What you are asked to do: Reproduce from the records below, with no pictures, exactly the lines between the one containing "standard double room, 1" and the one containing "38 Peregrine Way", inclusive.

Given data:

○ ○ ○ ○ ○

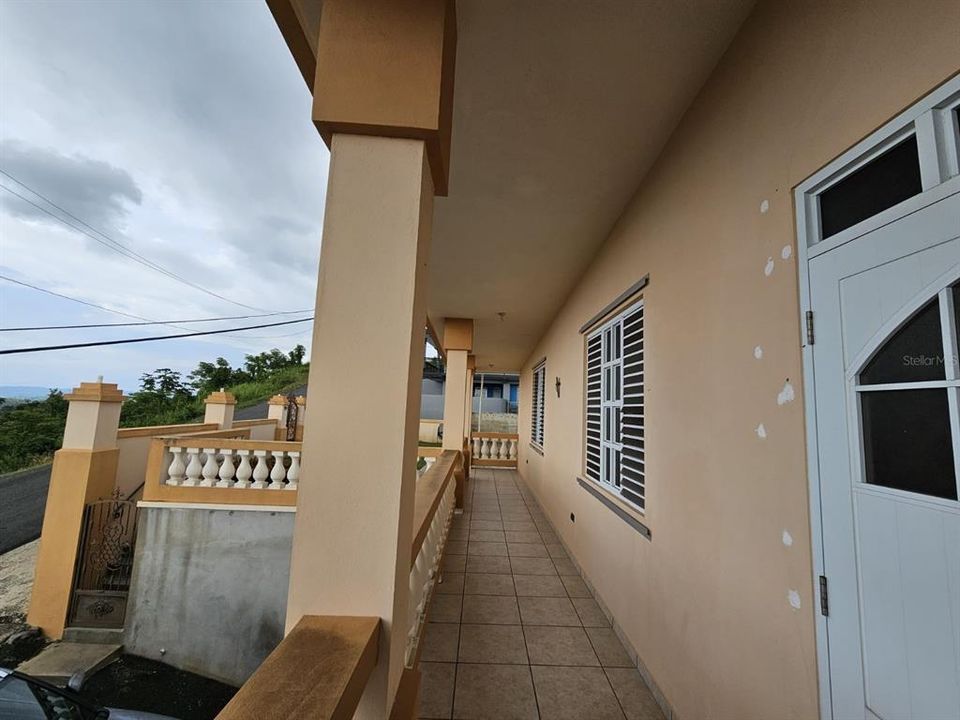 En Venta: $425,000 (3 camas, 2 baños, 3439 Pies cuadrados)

○ ○ ○ ○ ○

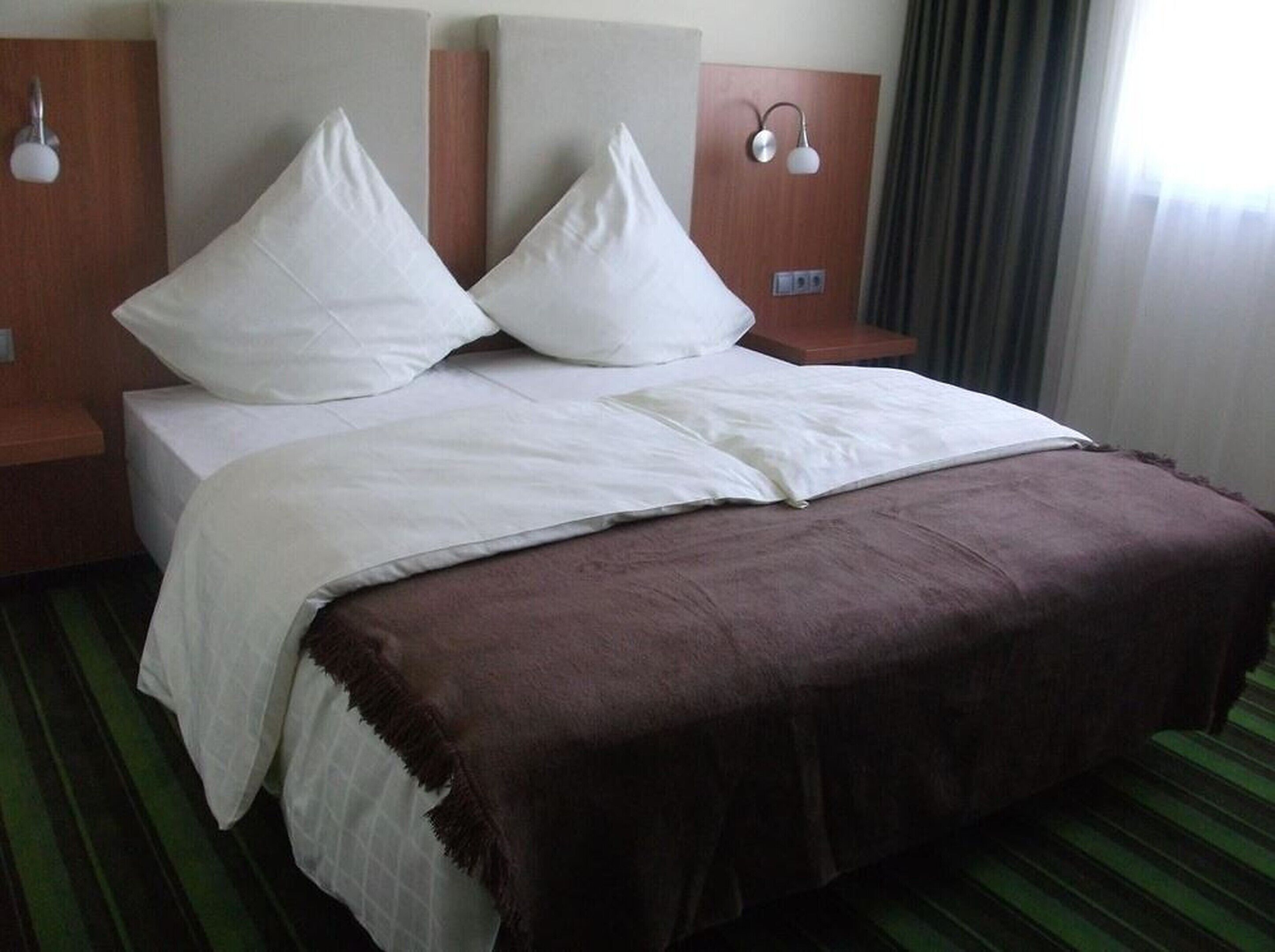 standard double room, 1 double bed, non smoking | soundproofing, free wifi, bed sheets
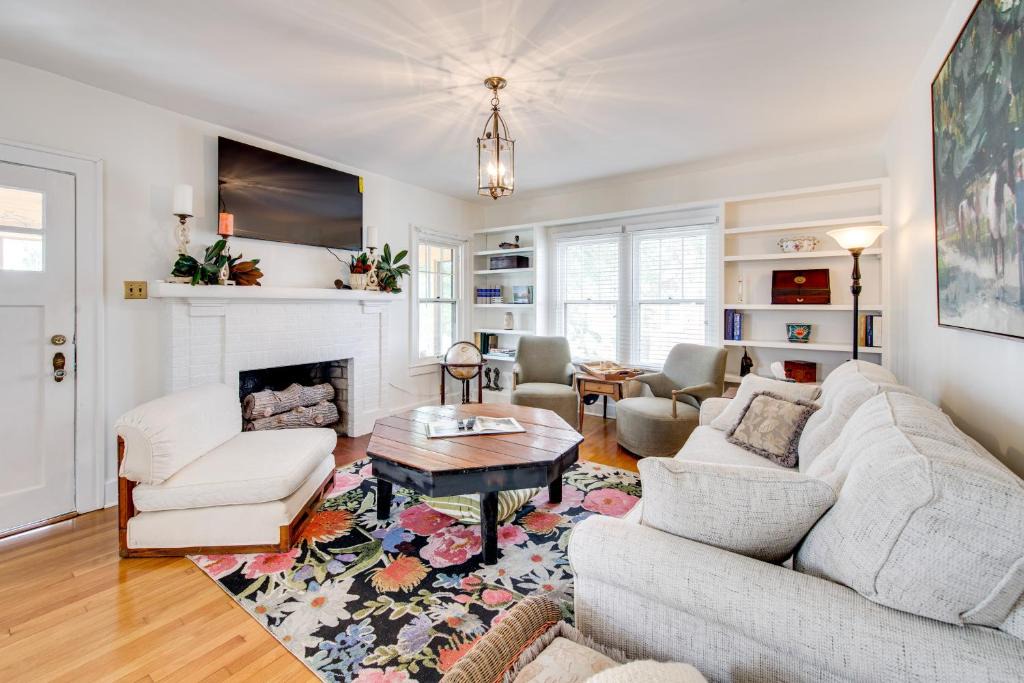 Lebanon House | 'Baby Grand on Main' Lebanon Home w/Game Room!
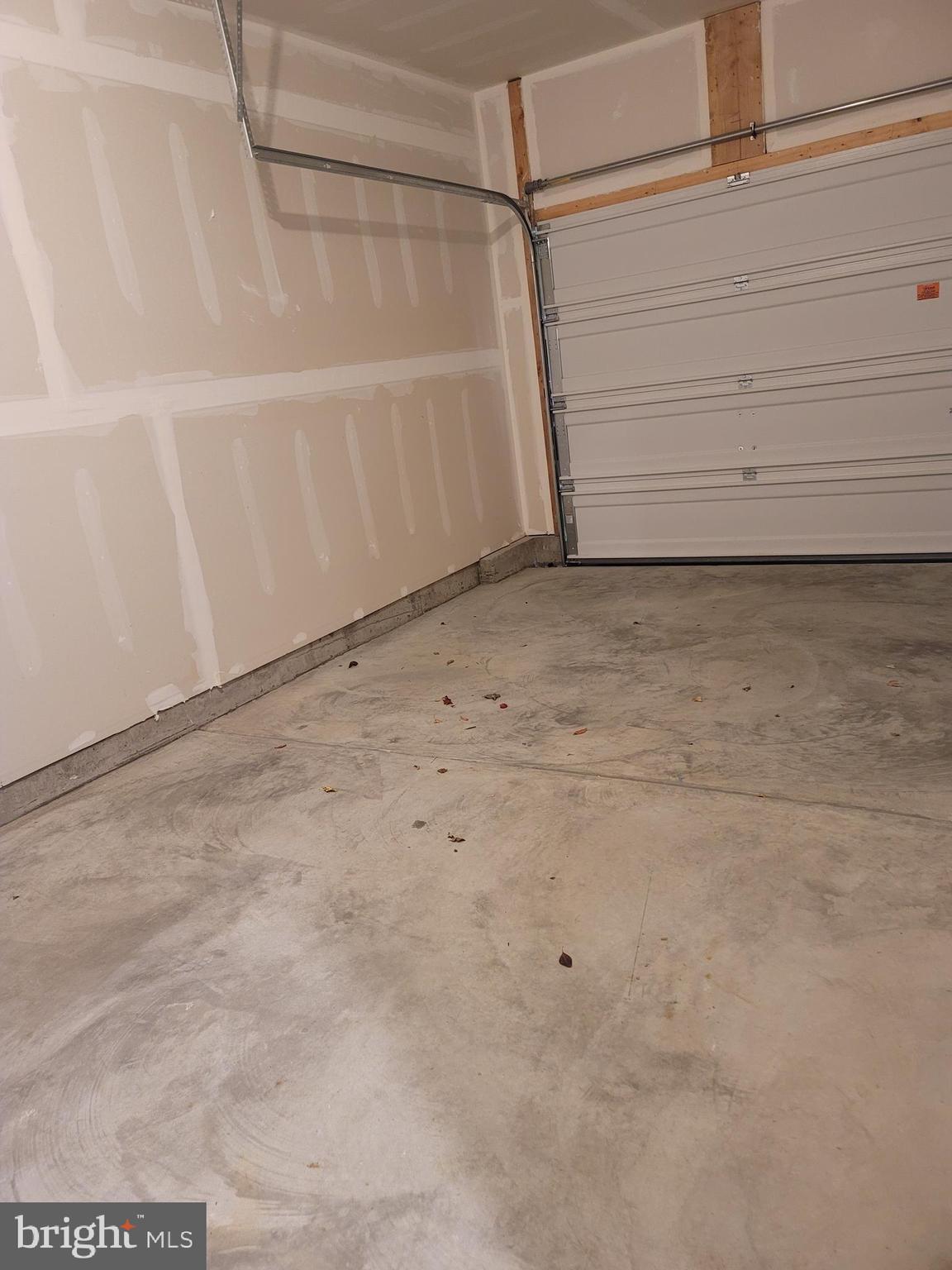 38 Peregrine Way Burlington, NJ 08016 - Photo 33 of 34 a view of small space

○ ○ ○ ○ ○

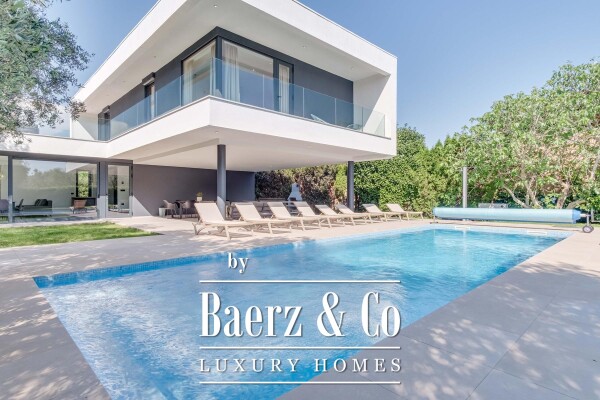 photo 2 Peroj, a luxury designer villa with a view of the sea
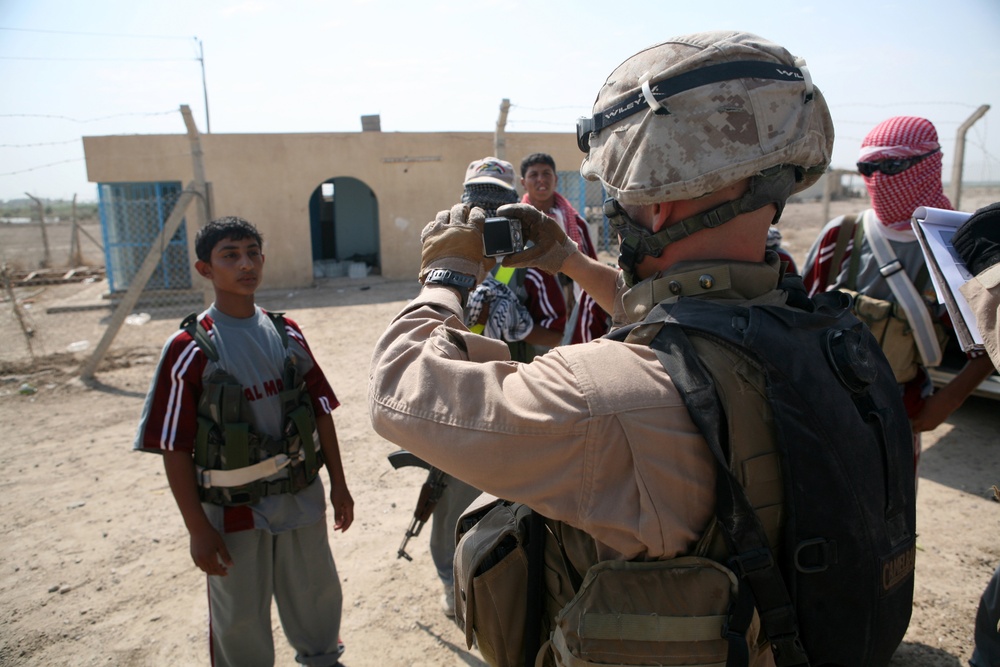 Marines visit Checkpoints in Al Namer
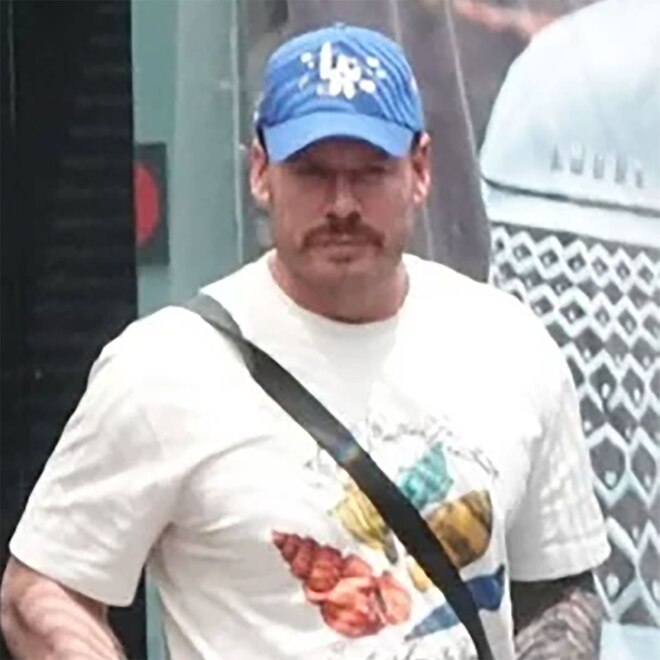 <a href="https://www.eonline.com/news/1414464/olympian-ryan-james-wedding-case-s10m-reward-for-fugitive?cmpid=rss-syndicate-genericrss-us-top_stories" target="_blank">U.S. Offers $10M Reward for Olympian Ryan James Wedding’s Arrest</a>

○ ○ ○ ○ ○

Completed task:
 standard double room, 1 double bed, non smoking | soundproofing, free wifi, bed sheets
 Lebanon House | 'Baby Grand on Main' Lebanon Home w/Game Room!
 38 Peregrine Way Burlington, NJ 08016 - Photo 33 of 34 a view of small space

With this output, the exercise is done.